Imperial ideology becomes self-conscious: it no longer fights for something, it fights for everything and wants everything. The idea of infinity uncovers a drive that is also infinite: greed is the new cult that is universalized. The circle closes, theodicy manifests itself as political economy: God became man now means God became capital. The Empire is the Temple and the Holy of Holies is the financial sphere where the sacred ark of global accumulation is the divine abode. This perverse transmutation is capitalism made rational religion of modern society, turning the process of capital accumulation into the daily pious cult to acquire eternal salvation as a tangible blessing, cash and credit.

That is what the “theology of prosperity” consists of, conceived and developed in the gringo intelligence centers, once the “theology of liberation” and the Christian option for the poor had been annihilated. When Marx pointed out that the first critique is the critique of religion, he was referring to this necessary unmasking of modern fetishism, the critique as the dismantling of the systematic concealment of injustice and the relations of domination that modernity has naturalized in the very belief system of social consciousness.

The more capitalism expands, the more social relations of domination because the social form is produced by the modern world in order to expand capitalism: a world constituted by pure individuals. This is fundamental to emphasize because, for there to be capitalism, human beings must be reduced to mere individuals brought together by purely instrumental and mercantile relations. This produces the atomization of purely individualistic expectations that operate socially through the calculation of immediate interest.
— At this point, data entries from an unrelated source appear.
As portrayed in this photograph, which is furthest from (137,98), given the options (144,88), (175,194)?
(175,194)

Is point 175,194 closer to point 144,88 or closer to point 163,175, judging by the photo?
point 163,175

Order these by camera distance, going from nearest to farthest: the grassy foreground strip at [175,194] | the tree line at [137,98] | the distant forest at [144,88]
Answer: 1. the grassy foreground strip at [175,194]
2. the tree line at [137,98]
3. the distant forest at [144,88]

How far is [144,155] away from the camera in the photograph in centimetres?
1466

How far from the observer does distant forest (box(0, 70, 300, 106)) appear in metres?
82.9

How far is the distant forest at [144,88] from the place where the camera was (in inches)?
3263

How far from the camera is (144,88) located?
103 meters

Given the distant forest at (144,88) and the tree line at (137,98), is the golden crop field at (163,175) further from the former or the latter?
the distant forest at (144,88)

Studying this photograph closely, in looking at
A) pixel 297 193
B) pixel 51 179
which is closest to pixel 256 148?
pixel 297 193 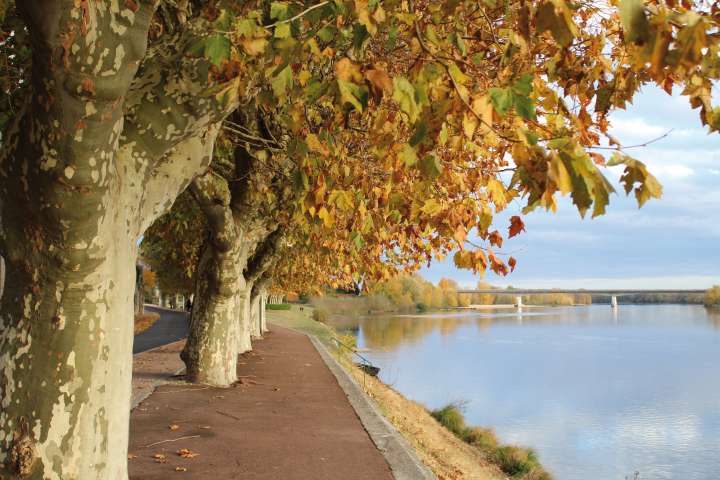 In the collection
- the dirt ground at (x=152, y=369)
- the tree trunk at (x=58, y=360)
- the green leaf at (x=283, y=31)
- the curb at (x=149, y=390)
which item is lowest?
the dirt ground at (x=152, y=369)

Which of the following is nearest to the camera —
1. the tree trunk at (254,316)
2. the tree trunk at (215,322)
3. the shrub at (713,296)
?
the tree trunk at (215,322)

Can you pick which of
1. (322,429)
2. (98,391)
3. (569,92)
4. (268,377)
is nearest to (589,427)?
(268,377)

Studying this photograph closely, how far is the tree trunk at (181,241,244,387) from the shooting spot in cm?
1219

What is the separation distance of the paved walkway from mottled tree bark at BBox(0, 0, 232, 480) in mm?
1891

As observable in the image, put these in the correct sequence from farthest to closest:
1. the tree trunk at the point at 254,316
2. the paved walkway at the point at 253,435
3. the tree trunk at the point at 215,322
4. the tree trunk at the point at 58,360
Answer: the tree trunk at the point at 254,316, the tree trunk at the point at 215,322, the paved walkway at the point at 253,435, the tree trunk at the point at 58,360

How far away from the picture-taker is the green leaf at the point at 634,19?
7.63 ft

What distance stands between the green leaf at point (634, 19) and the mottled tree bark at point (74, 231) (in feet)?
10.4

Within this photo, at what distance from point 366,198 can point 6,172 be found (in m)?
4.43

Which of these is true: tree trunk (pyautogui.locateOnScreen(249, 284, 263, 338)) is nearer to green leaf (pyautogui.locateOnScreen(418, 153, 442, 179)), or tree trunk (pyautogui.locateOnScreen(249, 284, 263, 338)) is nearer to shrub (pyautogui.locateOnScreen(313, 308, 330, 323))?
green leaf (pyautogui.locateOnScreen(418, 153, 442, 179))

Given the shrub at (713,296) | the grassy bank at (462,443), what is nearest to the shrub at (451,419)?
the grassy bank at (462,443)

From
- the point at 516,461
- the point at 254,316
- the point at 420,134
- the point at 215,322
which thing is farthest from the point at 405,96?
the point at 254,316

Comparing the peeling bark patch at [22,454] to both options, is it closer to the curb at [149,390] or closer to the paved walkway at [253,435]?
the paved walkway at [253,435]

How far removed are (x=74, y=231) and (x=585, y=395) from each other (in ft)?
99.8

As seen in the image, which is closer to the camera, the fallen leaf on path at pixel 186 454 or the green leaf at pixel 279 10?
the green leaf at pixel 279 10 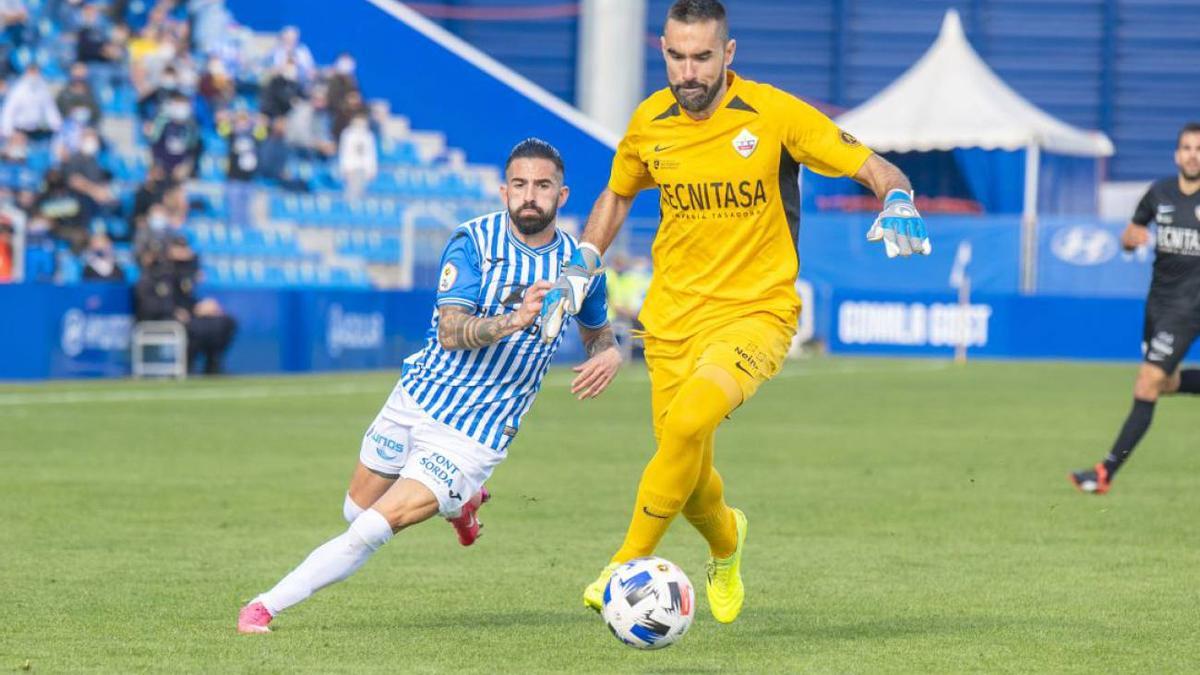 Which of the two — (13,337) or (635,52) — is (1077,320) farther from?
(13,337)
But “love of neighbor” is not the product of any calculation or interest but of absolute generosity and disinterested detachment. Conditions that make capitalism impossible; for an economy of growth, translated into greed as a way of life, cannot distribute wealth democratically. There is no wealth if we are all rich. Wealth is accumulation and can only be conceived as something private, as the deprivation of common goods; that is why wealth generates misery and the more misery it generates, the more wealth is produced (that is why original Christianity must be reversed, because the gospels or “good news” are for the poor, not for the rich: if we are all children of God, the exploitation of the work of the poor is sinful).

However, the basic precept of capitalism is the exploitation of the labor of others. And modern society and its ideology, liberalism, expresses it in this way: the freer the individual is, the more he detaches himself from any relationship that makes him part of a community and from any sense of belonging. That is what his “emancipation” consists of. In such a case, his freedom is individualistic and is determined as a will to power and domination. He frees himself to appropriate what is common (to deprive others of what is common), because for the liberal individual, the common has no meaning; that is why as individuals they compete, to appropriate and benefit from everything as much as possible as private property.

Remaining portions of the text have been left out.